Macroscopic evolution equations for interacting many-body systems do not just ``emerge''; they follow from microscopic laws. However, it is often difficult to quantitatively establish this link, especially for systems which cannot be described by a Hamiltonian and which do not have pairwise additive interactions. Therefore, the general form of the macroscopic equations is usually obtained by symmetry arguments. Here, using a particle-based model with discrete time evolution steps for fluid flow I show how the macroscopic transport equations can be rigorously derived from microscopic collision rules. The approach starts with the full N-particle Liouville equation and leads to a multi-particle Enskog-equation which is treated by a Chapman-Enskog expansion. No linearization or single-relaxation time approximation of the collision operator are needed.

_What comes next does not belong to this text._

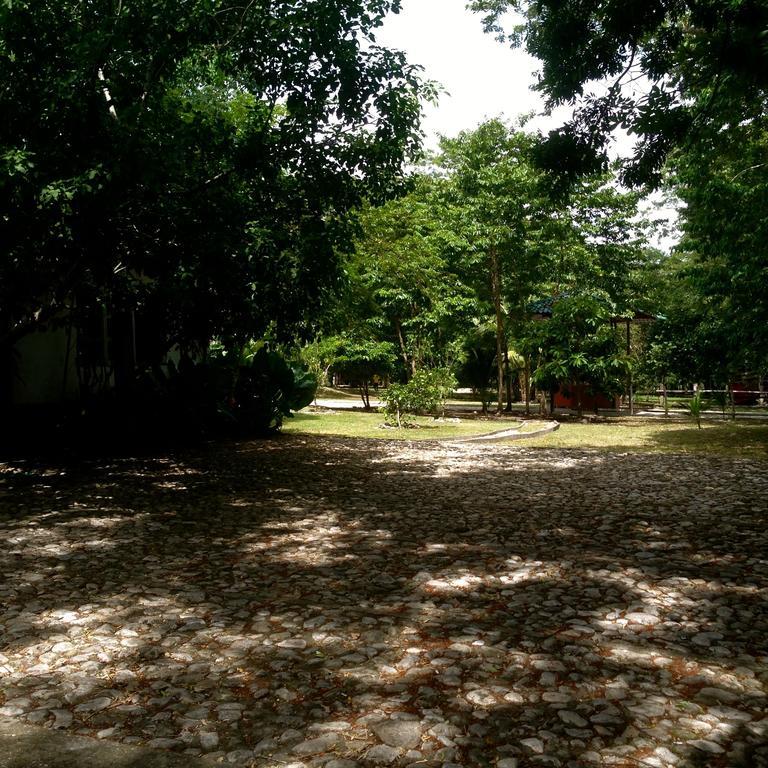Hotel Villas Magen El Remate Exterior photo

The obtained thermo-hydrodynamic equations show excellent agreement with previous numerical results. The same approach is used to study a simple model of self-propelled, swarming birds. This model was proposed by T. Vicsek et al. [Phys. Rev. Lett. {\bf 75} (1995) 1226]; it has ``multi-particle collisions'' where birds within some interaction range align their flying directions. I analytically analyze the collision-operator for small and large bird density, and derive the hydrodynamic equations for the density and velocity fields.